> [Assigned task]: Could you repeat, word for word, the line with "Room Dividing Charmer" and every line after it in the records below, leaving out any pictures?

> [Source data]:
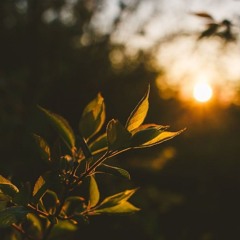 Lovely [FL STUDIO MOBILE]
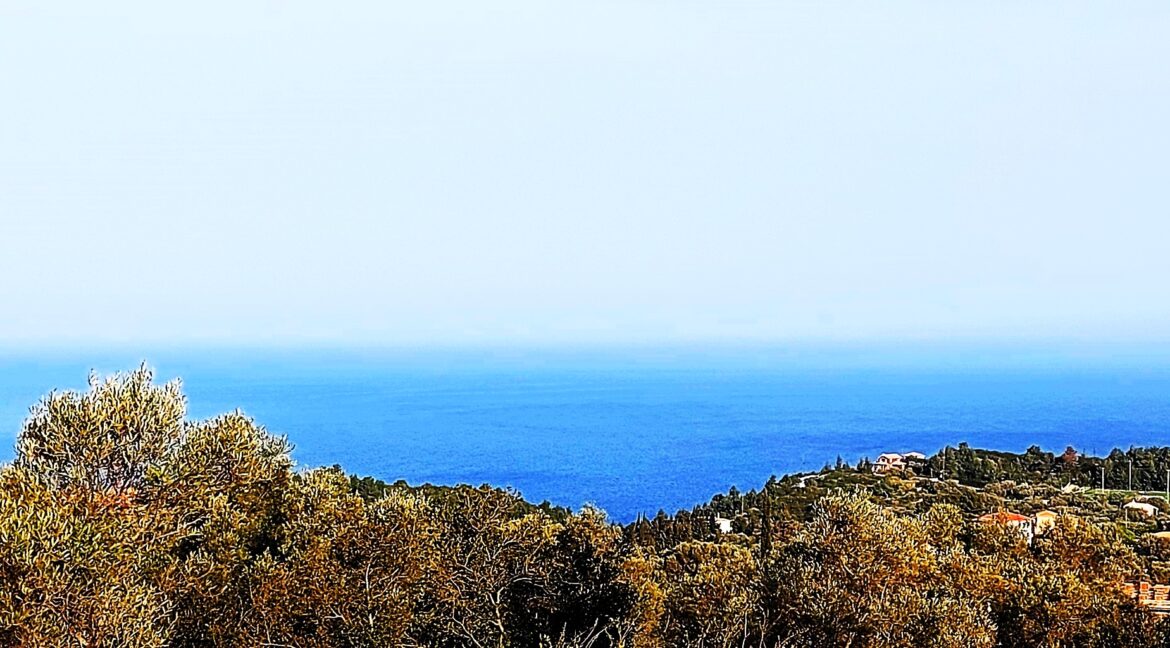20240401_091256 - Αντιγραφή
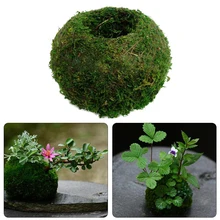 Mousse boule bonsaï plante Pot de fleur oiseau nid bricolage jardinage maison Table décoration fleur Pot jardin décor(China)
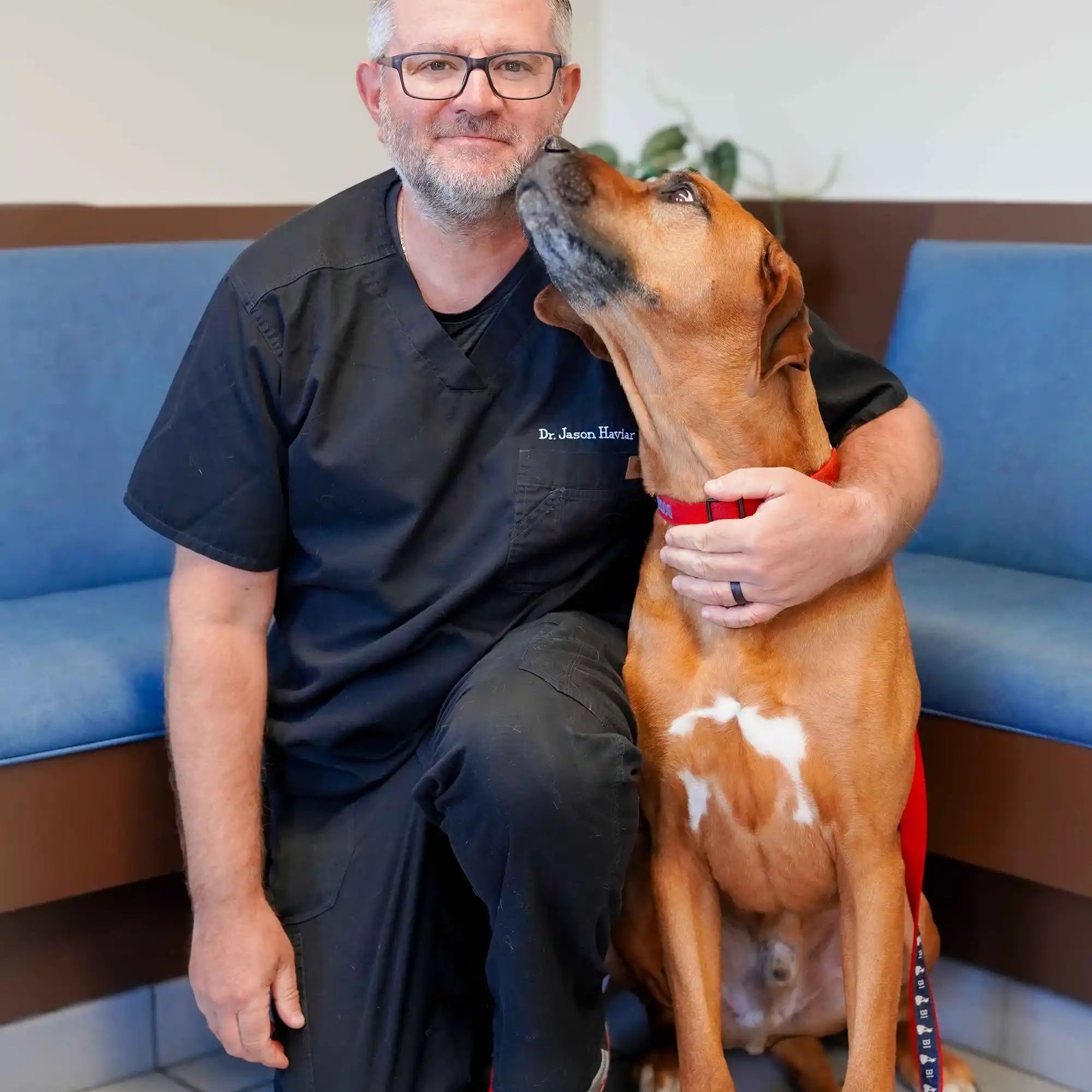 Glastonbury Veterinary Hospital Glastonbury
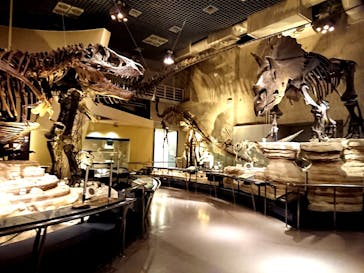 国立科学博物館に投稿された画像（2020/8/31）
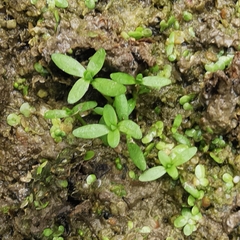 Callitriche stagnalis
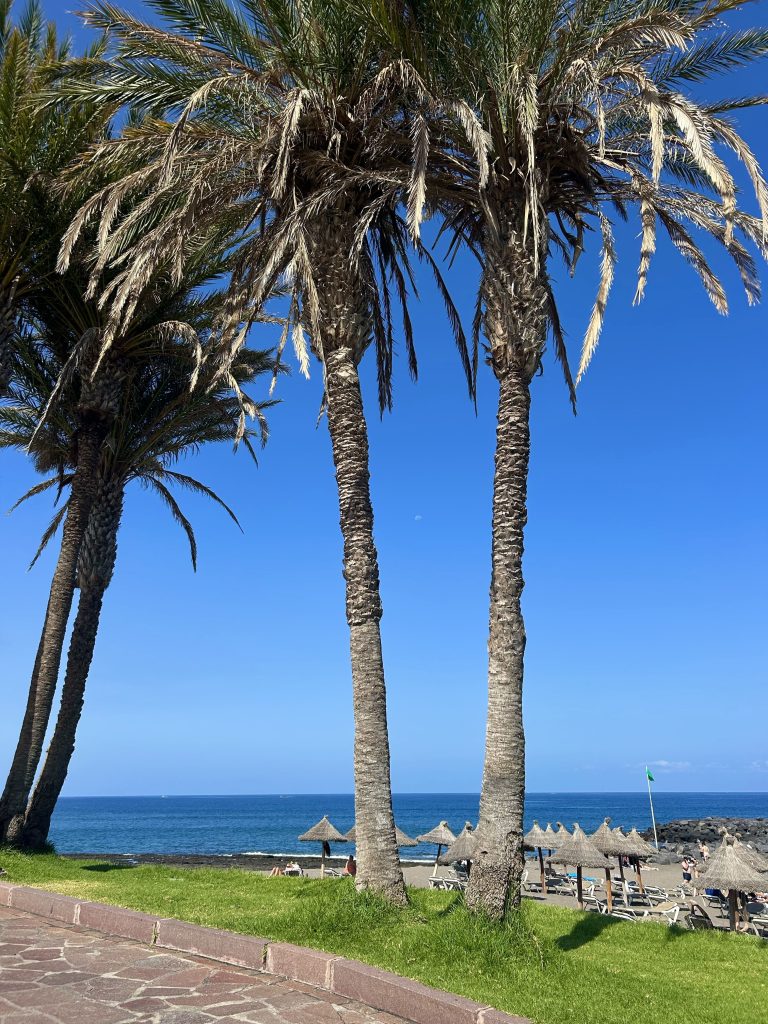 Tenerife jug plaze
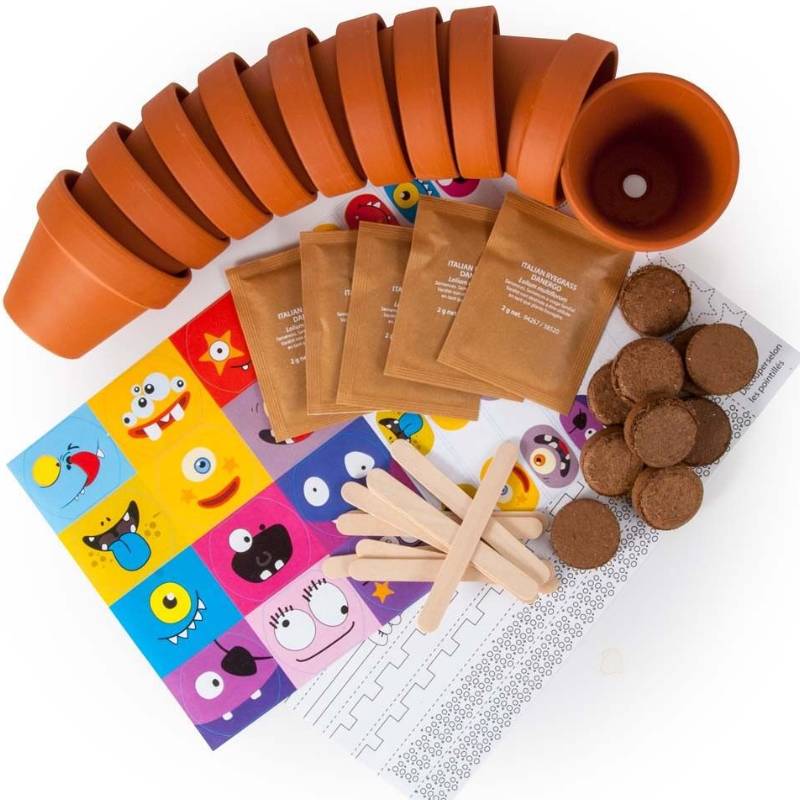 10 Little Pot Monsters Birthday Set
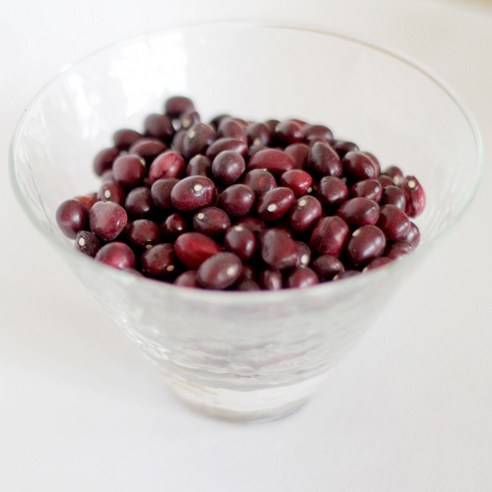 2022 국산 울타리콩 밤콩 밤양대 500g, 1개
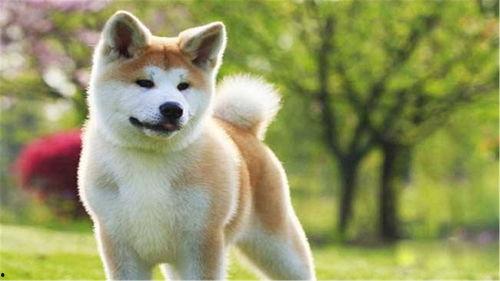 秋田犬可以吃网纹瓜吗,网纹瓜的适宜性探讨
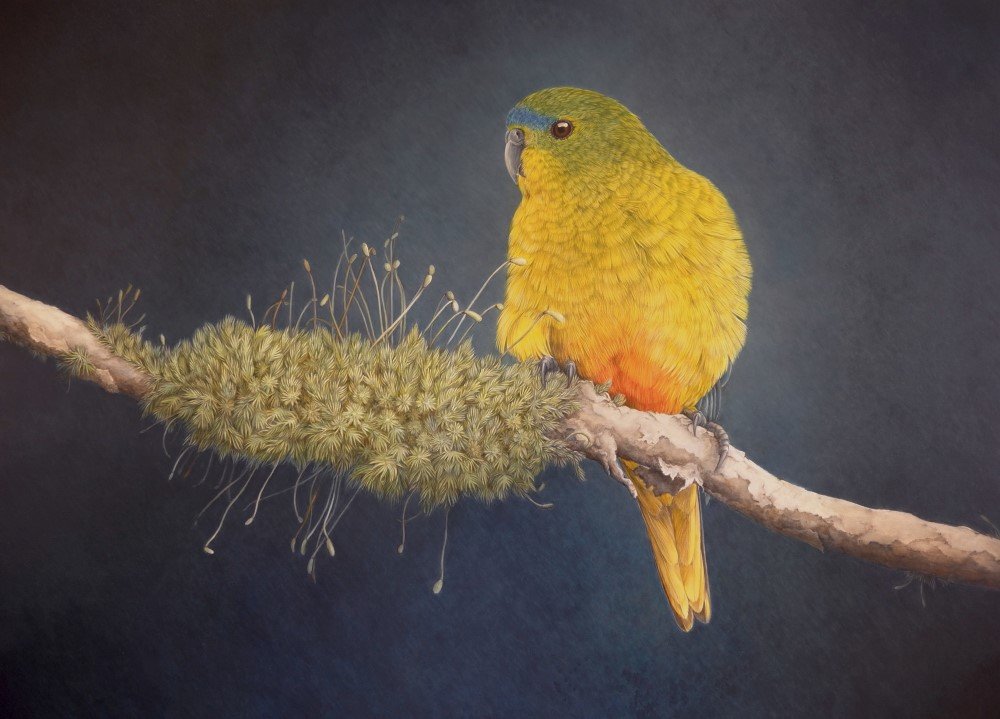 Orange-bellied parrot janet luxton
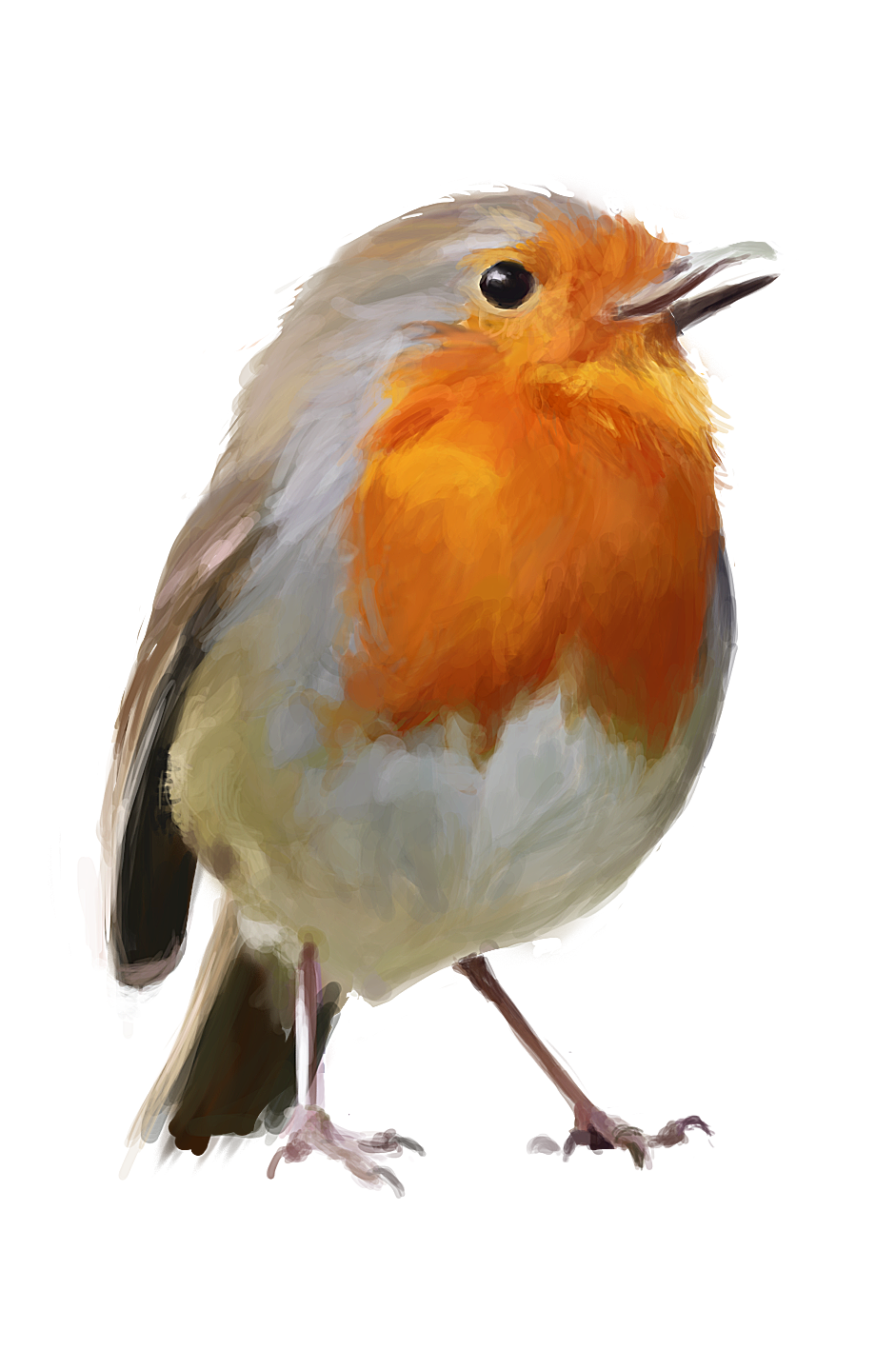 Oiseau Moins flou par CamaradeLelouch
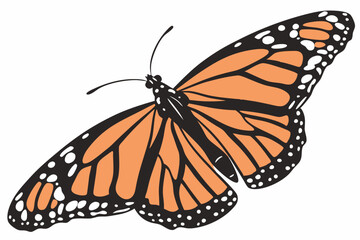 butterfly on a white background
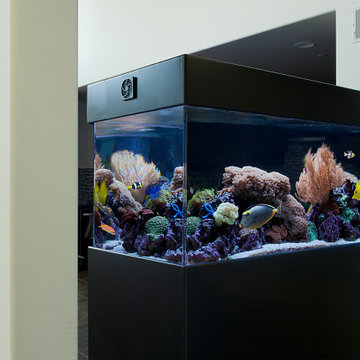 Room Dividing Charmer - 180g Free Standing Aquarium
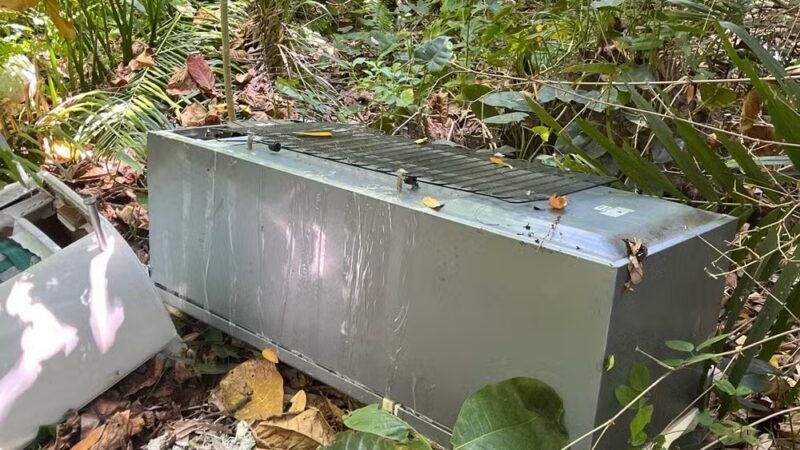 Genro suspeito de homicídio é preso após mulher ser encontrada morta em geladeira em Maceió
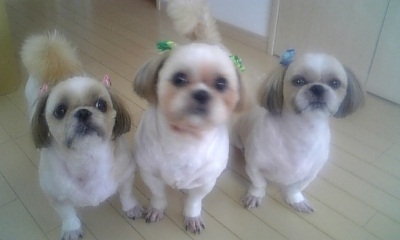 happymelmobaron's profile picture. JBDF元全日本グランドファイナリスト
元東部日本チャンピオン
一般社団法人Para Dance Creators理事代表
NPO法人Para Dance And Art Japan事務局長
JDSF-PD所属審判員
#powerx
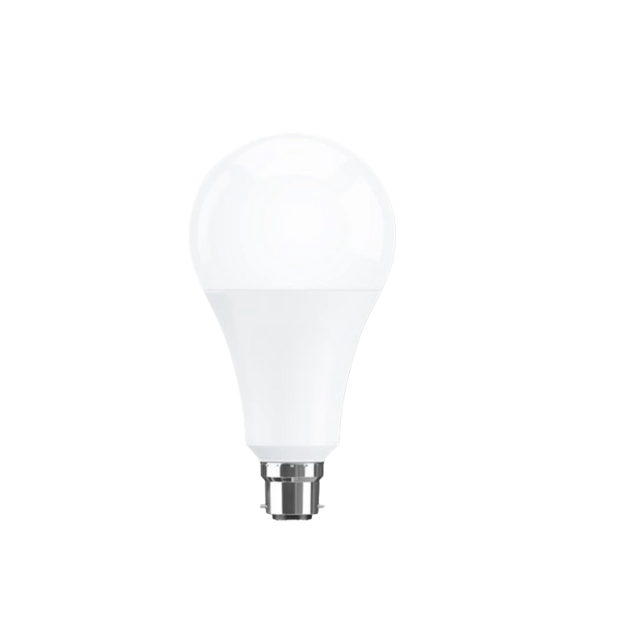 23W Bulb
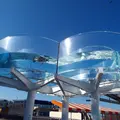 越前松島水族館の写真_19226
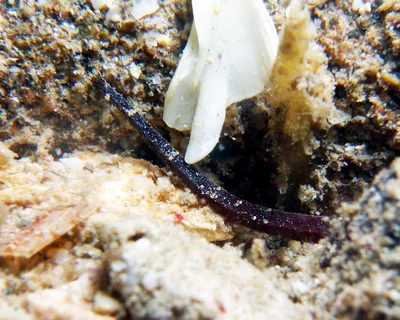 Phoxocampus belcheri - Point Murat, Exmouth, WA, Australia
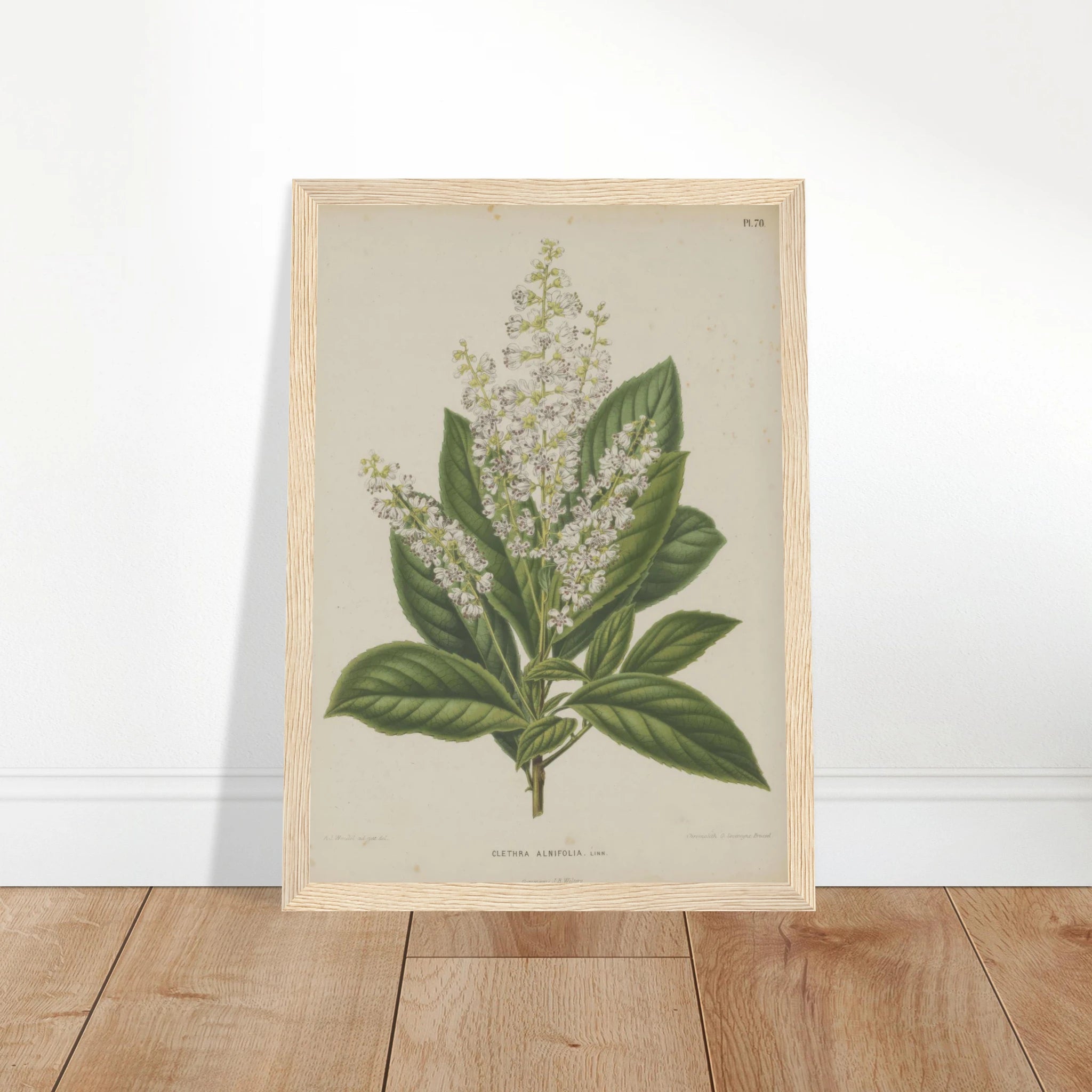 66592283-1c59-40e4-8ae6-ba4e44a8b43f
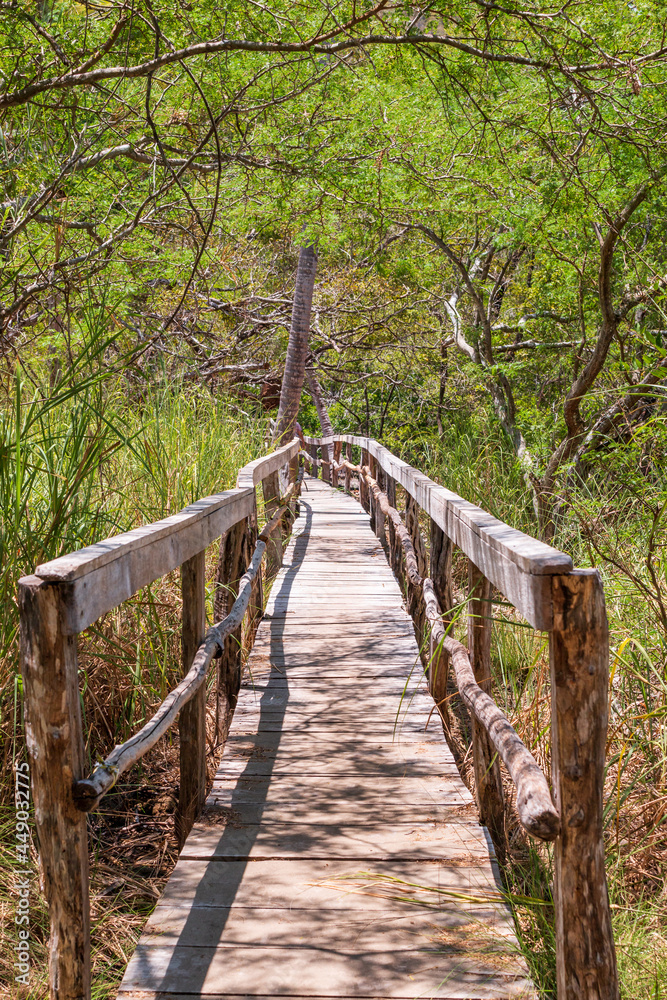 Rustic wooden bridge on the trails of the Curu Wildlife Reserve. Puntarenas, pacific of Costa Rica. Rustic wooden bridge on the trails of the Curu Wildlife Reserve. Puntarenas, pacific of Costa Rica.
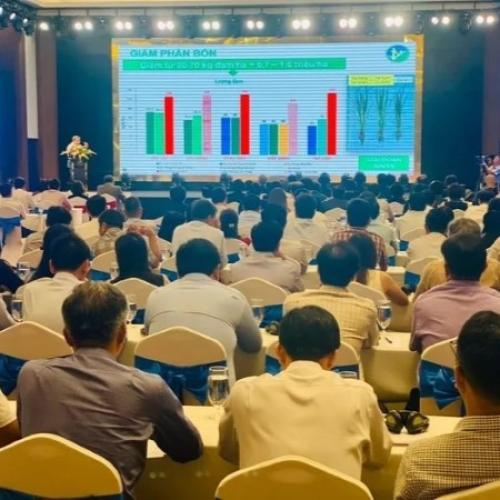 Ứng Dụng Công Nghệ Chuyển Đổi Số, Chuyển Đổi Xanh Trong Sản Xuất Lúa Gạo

> [Solution]:
 Room Dividing Charmer - 180g Free Standing Aquarium
 Genro suspeito de homicídio é preso após mulher ser encontrada morta em geladeira em Maceió
 happymelmobaron's profile picture. JBDF元全日本グランドファイナリスト
元東部日本チャンピオン
一般社団法人Para Dance Creators理事代表
NPO法人Para Dance And Art Japan事務局長
JDSF-PD所属審判員
#powerx
 23W Bulb
 越前松島水族館の写真_19226
 Phoxocampus belcheri - Point Murat, Exmouth, WA, Australia
 66592283-1c59-40e4-8ae6-ba4e44a8b43f
 Rustic wooden bridge on the trails of the Curu Wildlife Reserve. Puntarenas, pacific of Costa Rica. Rustic wooden bridge on the trails of the Curu Wildlife Reserve. Puntarenas, pacific of Costa Rica.
 Ứng Dụng Công Nghệ Chuyển Đổi Số, Chuyển Đổi Xanh Trong Sản Xuất Lúa Gạo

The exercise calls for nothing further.